We refill conforming buckets at rate CIR; it can
contain up to value Bc.
; exceeding buckets, at PIR; it can contain up
to value Be.
Note |
PIR must exceed
CIR and overflow between buckets is disallowed.
|
If a steady stream
of packets arrives at a rate exceeding the CIR but less than the PIR, all
packets are marked either conforming or exceeding. With the 1R3C policer, this
scenario would have resulted in marking a minimal number of packets as
exceeding and a majority as conforming or violating.
A 2R3C policer
supports three possible actions for each packet: conform, exceed, and violate.
Traffic entering the interface configured with a
dual-rate policer is placed into one of these action categories, which dictates
how we treat a packet. For instance, in the most common configuration, you can
configure to send packets that either conform or exceed (with a decreased
priority), and to drop packets that violate.
Figure 3. Dual-Rate,
Three-Color Policer
When a packet arrives, we assess whether ample
tokens exist in the conforming
and exceeding
buckets to cover that packet. If so, we take the conforming action (typically,
transmit or transmit and mark) and remove the necessary tokens to transmit the
packet from
both
buckets.
If the Exceeding Token Bucket (but not the Conforming Token Bucket) contains sufficient tokens to cover the packet, we take the exceeding action (typically, transmit or transmit and marking). The appropriate number of tokens are removed from the exceeding bucket only.

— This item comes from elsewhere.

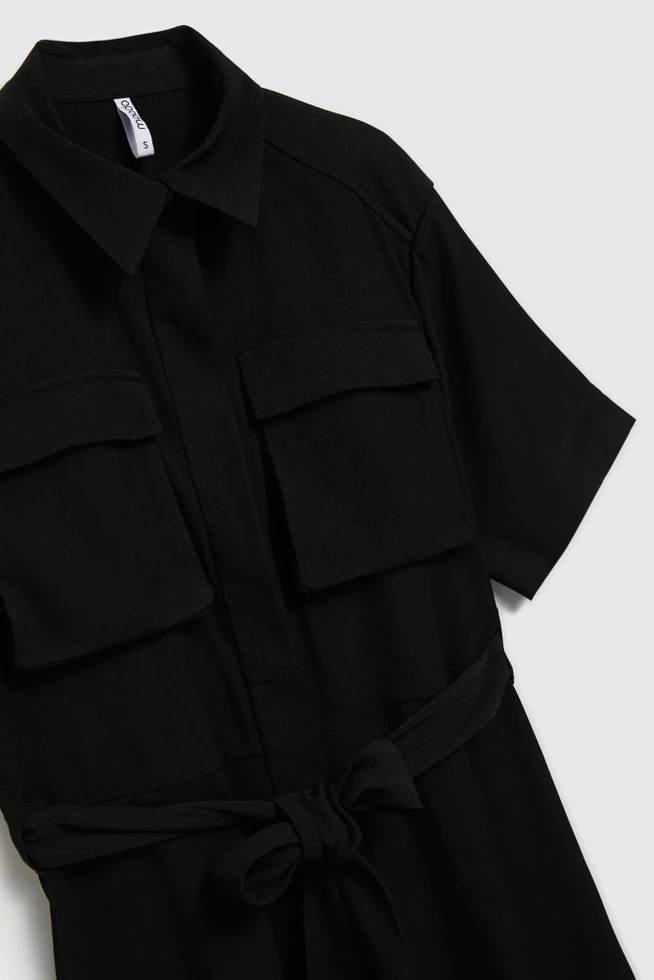 Szmizjerka wiązana w talii z kieszeniami czarna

If neither bucket has sufficient tokens to cover the packet, the violating action is taken (typically, transmit, transmit and marking, or drop):
policy-map ingress-enforcement
class af41-metering
police cir 100k bc 3000 pir 150k be 3000 conform-action set-dscp-transmit af41 exceed-action set-dscp-transmit af42 violate-action drop
Observe how code from the preceding example and the corresponding code from Single-Rate, Three-Color Policer differ:
cir 100k bc 3000 pir 150k be 3000
cir percent 10 bc 5 ms be 10 ms
In the immediate
example, we handle traffic accordingly:
-
Up to 100Kbps
(allowing for bursts up to 3,000 bytes) as conforming and forward it with DSCP
marked as af41.
-
Above 100Kbps
but less than 150Kbps (again allowing a 3,000 byte burst) as exceeding and
forward it marked as af42.
-
Above 150Kbs
as violating; we drop it.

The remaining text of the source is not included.